[Mesa-dev] [PATCH] i965/hsw: compute DDX in a subspan based only on top row
Mark Mueller
markkmueller at gmail.com
Sun Sep 15 12:50:33 PDT 2013
On Fri, Sep 13, 2013 at 2:15 PM, Paul Berry <stereotype441 at gmail.com> wrote:
> On 12 September 2013 22:06, Chia-I Wu <olvaffe at gmail.com> wrote:
>
>> From: Chia-I Wu <olv at lunarg.com>
>>
>> Consider only the top-left and top-right pixels to approximate DDX in a
>> 2x2
>> subspan, unless the application or the user requests a more accurate
>> approximation. This results in a less accurate approximation. However,
>> it
>> improves the performance of Xonotic with Ultra settings by 24.3879% +/-
>> 0.832202% (at 95.0% confidence) on Haswell.
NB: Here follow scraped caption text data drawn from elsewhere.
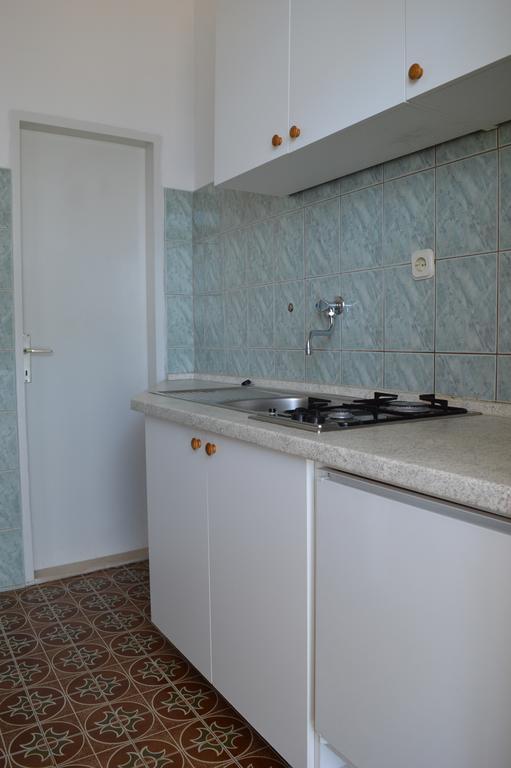 Apartments Majstrovic Zivogosce Exterior photo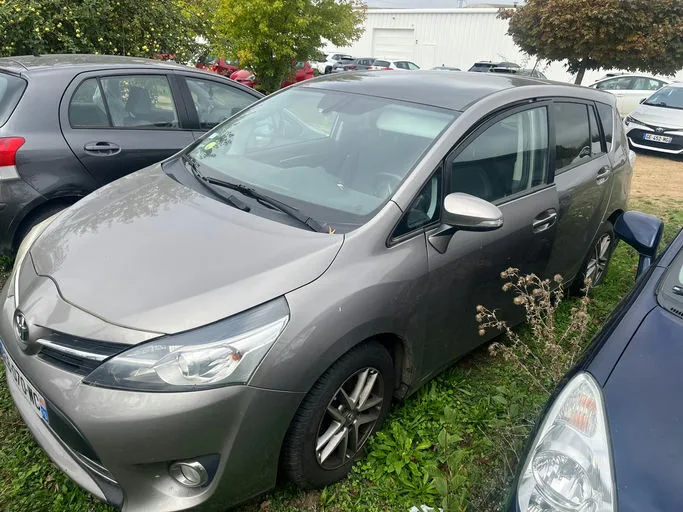 TOYOTA VERSO 2016 Dynamic 2016 – Image 5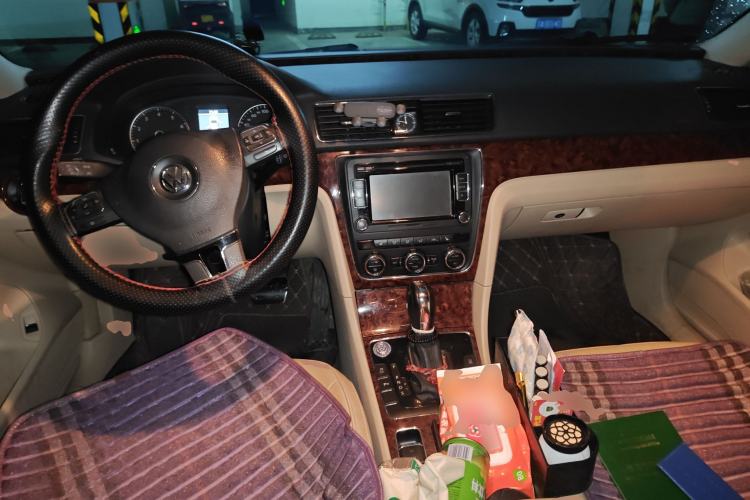 Used Volkswagen Passat 2013 1.8TSI DSG Prestige Edition Center Console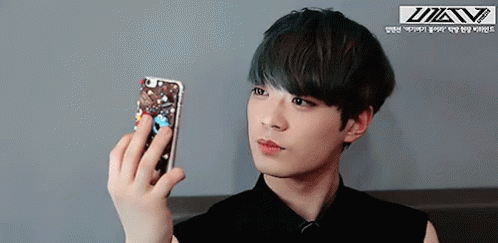 Selfie GIF - Selfie Up10tion Changhyun GIFs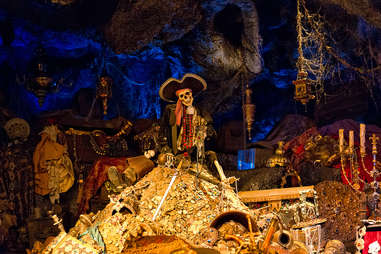 Pirates of the Caribbean ride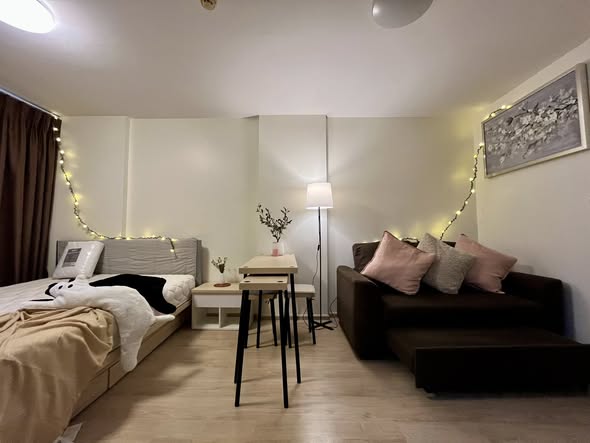 living room and bedroom of Elio Del Ray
No noticeable image quality
>> difference observed.
>>
>> No piglit gpu.tests regressions (tested with v1)
>>
>> I failed to come up with an explanation for the performance difference,
>> as the
>> change does not affect Ivy Bridge. If anyone has the insight, please
>> kindly
>> enlighten me. Performance differences may also be observed on other games
>> that call textureGrad and dFdx.
>>
>> v2: Honor GL_FRAGMENT_SHADER_DERIVATIVE_HINT and add a drirc option.
>> Update
>> comments.
>>
>
> I'm not entirely comfortable making a change that has a known negative
> impact on computational accuracy (even one that leads to such an impressive
> performance improvement) when we don't have any theories as to why the
> performance improvement happens, or why the improvement doesn't apply to
> Ivy Bridge. In my experience, making changes to the codebase without
> understanding why they improve things almost always leads to improvements
> that are brittle, since it's likely that the true source of the improvement
> is a coincidence that will be wiped out by some future change (or won't be
> relevant to client programs other than this particular benchmark). Having
> a theory as to why the performance improvement happens would help us be
> confident that we're applying the right fix under the right circumstances.
>
There's another angle to approach this and that is to develop a simple test
case that will show the different results across a range of computational
accuracy and run the test on proprietary drivers for the same hardware to
determine what settings they are using.
>
> For example, here's one theory as to why we might be seeing an
> improvement: perhaps Haswell's sample_d processing is smart enough to
> realize that when all the gradient values within a sub-span are the same,
> that means that all of the sampling for the sub-span will come from the
> same LOD, and that allows it to short-cut some expensive step in the LOD
> calculation. Perhaps the same improvement isn't seen on Ivy Bridge because
> Ivy Bridge's sample_d processing logic is less sophisticated, so it's
> unable to perform the optimization. If this is the case, then conditioning
> the optimization on brw->is_haswell (as you've done) makes sense.
>
> Another possible explanation for the Haswell vs Ivy Bridge difference is
> that perhaps Ivy Bridge, being a lower-performing chip, has other
> bottlenecks that make the optimization irrelevant for this particular
> benchmark, but potentially still useful for other benchmarks. For
> instance, maybe when this benchmark executes on Ivy Bridge, the texture
> that's being sampled from is located in sufficiently distant memory that
> optimizing the sample_d's memory accesses makes no difference, since the
> bottleneck is the speed with which the texture can be read into cache,
> rather than the speed of operation of sample_d. If this explanation is
> correct, then it might be worth applying the optimization to both Ivy
> Bridge and Haswell (and perhaps Sandy Bridge as well), since it might
> conceivably benefit those other chips when running applications that place
> less cache pressure on the chip.
>
This scenario is where I'd place my bets, especially given that the numbers
are based on Xonotic. I benchmarked this patch using Xonotic on Bay Trail
as is and by replacing !brw->is_haswell with !brw->is_baytrail. With ultra
and ultimate levels at medium and high resolutions, the results were all
essentially the same at comparable resolutions and quality levels.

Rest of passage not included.